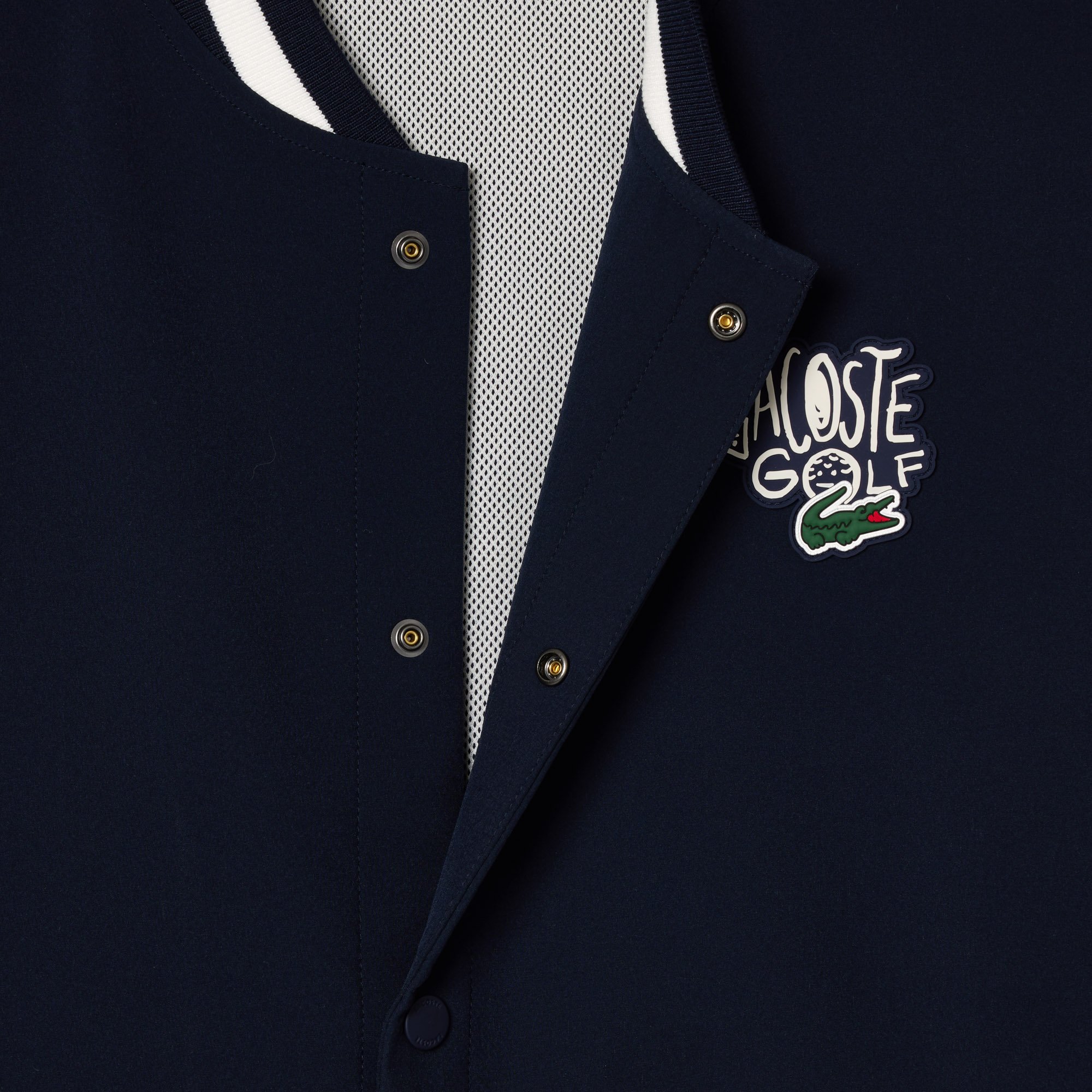 Áo Khoác Varsity Lacoste Nam Chống Thấm Nước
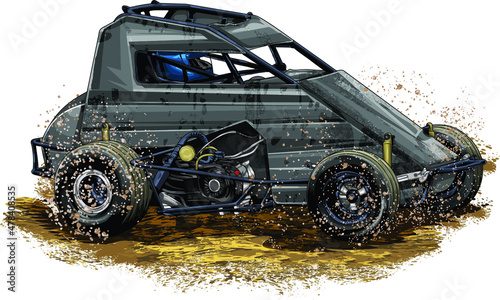 dirt race isolated on white background for poster, t-shirt print, business element, social media content, blog, sticker, vlog, and card. vector illustration.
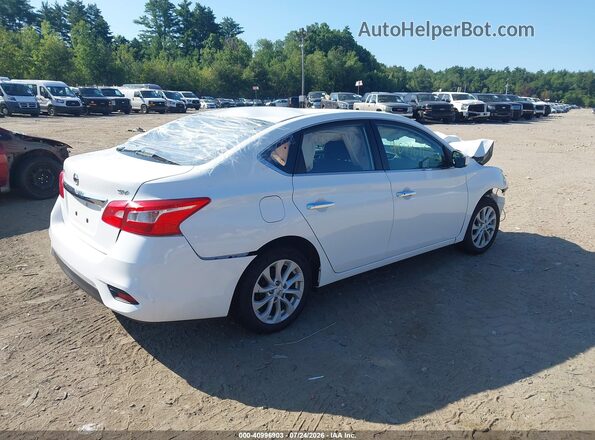3N1AB7AP0KY234721 2019 NISSAN SENTRA White Tył prawy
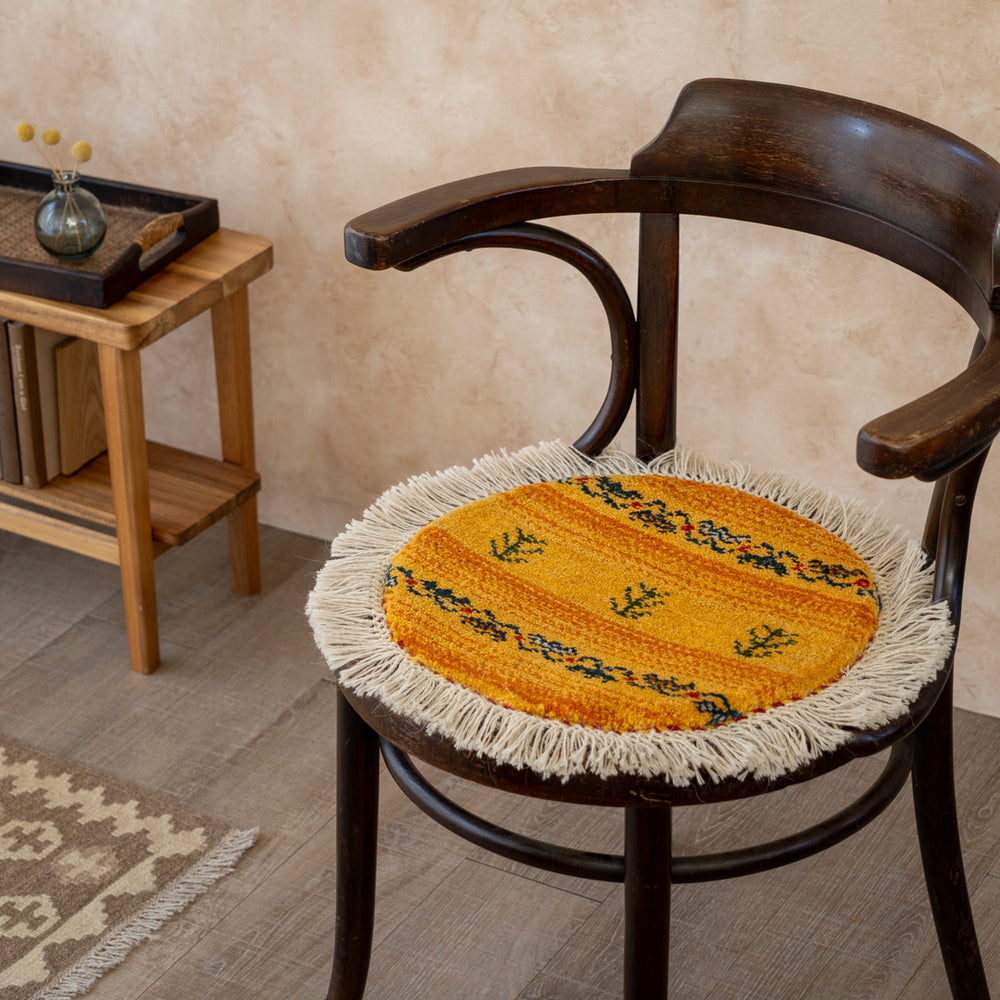 ギャッベ 丸形 直径約40cm – Persiadirect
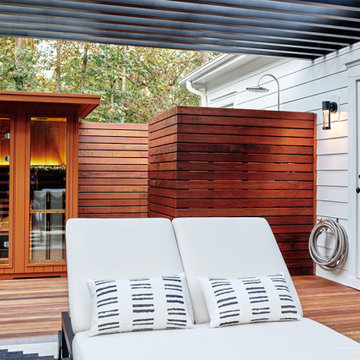 Rooftop Spa Deck with shower and sauna off primary bedroom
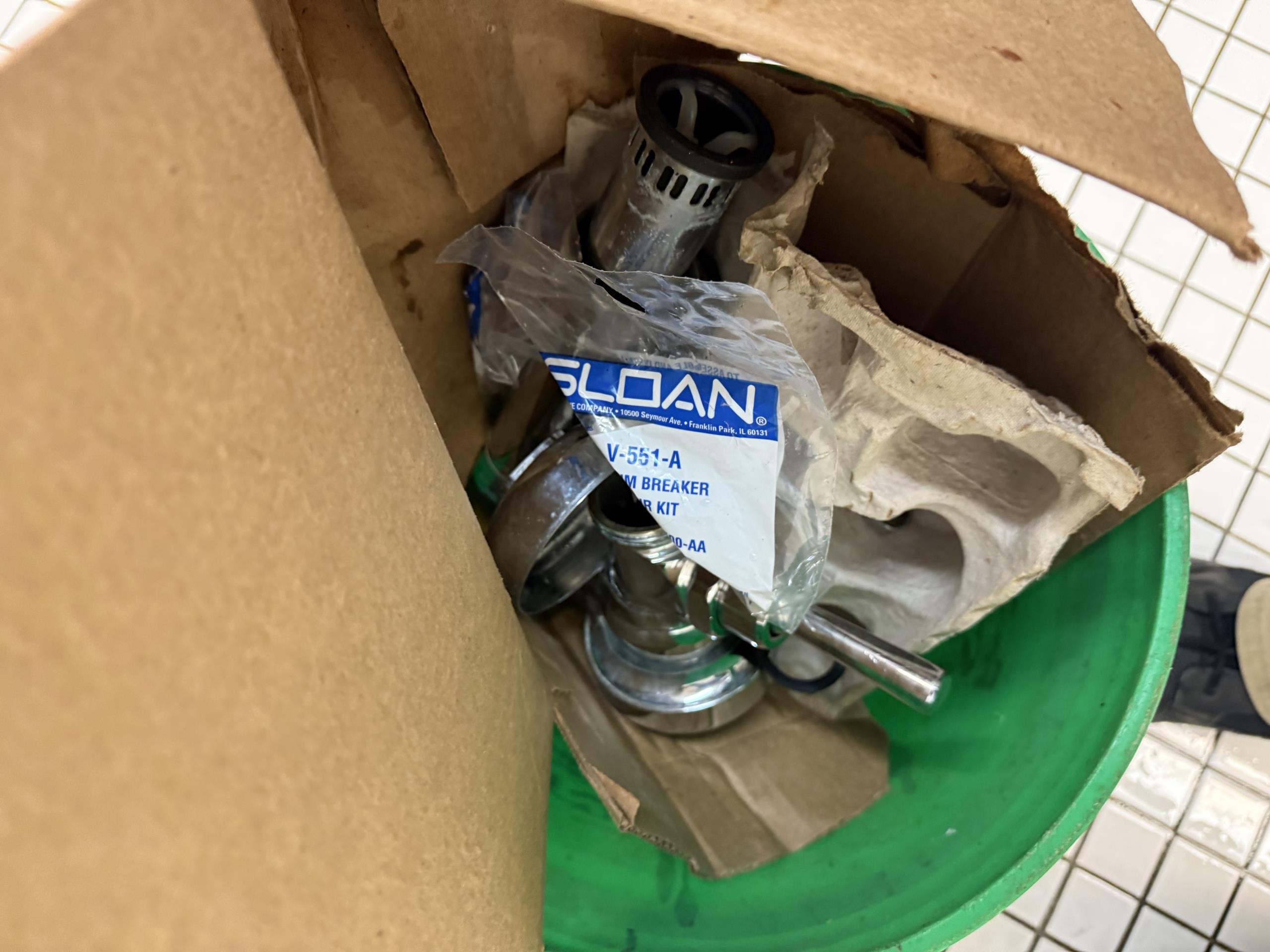 Upon arrival, I replaced the two Sloan flush valves in the women’s restrooms. Each valve was carefully removed, and the new ones were installed with precision. To ensure the new fill valves functioned correctly, I tested each fixture thoroughly. Additionally, I drained down the system to replace the shut-off for the fill valves, ensuring all components were properly aligned and operational. The job was completed efficiently, with all fixtures tested for proper operation.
========================================================================
Task statement
Reproduce each line above precisely, with no pictures.

Result
 Áo Khoác Varsity Lacoste Nam Chống Thấm Nước
 dirt race isolated on white background for poster, t-shirt print, business element, social media content, blog, sticker, vlog, and card. vector illustration.
3N1AB7AP0KY234721 2019 NISSAN SENTRA White Tył prawy
 ギャッベ 丸形 直径約40cm – Persiadirect
 Rooftop Spa Deck with shower and sauna off primary bedroom
 Upon arrival, I replaced the two Sloan flush valves in the women’s restrooms. Each valve was carefully removed, and the new ones were installed with precision. To ensure the new fill valves functioned correctly, I tested each fixture thoroughly. Additionally, I drained down the system to replace the shut-off for the fill valves, ensuring all components were properly aligned and operational. The job was completed efficiently, with all fixtures tested for proper operation.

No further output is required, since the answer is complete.